Dataset below:
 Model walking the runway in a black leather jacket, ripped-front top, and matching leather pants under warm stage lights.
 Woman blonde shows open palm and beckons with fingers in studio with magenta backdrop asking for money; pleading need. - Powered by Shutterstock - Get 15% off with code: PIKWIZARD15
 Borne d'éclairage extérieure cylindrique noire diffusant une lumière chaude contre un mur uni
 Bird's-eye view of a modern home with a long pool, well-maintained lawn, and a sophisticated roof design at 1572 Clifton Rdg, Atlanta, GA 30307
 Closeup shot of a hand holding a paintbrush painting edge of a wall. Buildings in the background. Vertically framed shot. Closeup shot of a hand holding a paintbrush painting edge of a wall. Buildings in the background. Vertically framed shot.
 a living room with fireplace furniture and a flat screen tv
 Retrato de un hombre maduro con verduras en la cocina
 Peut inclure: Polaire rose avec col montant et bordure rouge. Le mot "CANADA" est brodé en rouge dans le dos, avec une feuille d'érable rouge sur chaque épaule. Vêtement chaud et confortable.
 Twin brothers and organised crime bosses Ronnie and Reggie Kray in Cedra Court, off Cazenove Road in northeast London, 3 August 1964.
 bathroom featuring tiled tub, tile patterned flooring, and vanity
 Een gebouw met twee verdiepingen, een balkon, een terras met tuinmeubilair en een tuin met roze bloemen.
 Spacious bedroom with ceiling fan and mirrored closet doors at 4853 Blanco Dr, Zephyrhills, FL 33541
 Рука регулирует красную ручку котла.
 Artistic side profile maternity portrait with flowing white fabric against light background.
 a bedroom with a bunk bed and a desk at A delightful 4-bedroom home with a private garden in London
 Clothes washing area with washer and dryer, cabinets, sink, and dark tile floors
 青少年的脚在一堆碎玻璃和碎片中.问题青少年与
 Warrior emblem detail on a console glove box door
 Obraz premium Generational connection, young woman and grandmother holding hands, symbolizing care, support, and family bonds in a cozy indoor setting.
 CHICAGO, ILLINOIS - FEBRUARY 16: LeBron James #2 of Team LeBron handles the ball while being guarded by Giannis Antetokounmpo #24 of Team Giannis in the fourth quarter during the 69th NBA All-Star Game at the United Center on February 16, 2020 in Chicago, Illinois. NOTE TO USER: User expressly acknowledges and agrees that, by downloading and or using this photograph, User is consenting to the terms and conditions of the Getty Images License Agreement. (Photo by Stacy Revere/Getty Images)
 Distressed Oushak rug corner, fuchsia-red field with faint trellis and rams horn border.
End of Dataset.
* Aim of the exercise
The reply should hold only the lines of the listing above starting at the line containing "Woman blonde shows" and ending at the line containing "Borne d'éclairage extérieure", exactly as written.

* Answer to this task
 Woman blonde shows open palm and beckons with fingers in studio with magenta backdrop asking for money; pleading need. - Powered by Shutterstock - Get 15% off with code: PIKWIZARD15
 Borne d'éclairage extérieure cylindrique noire diffusant une lumière chaude contre un mur uni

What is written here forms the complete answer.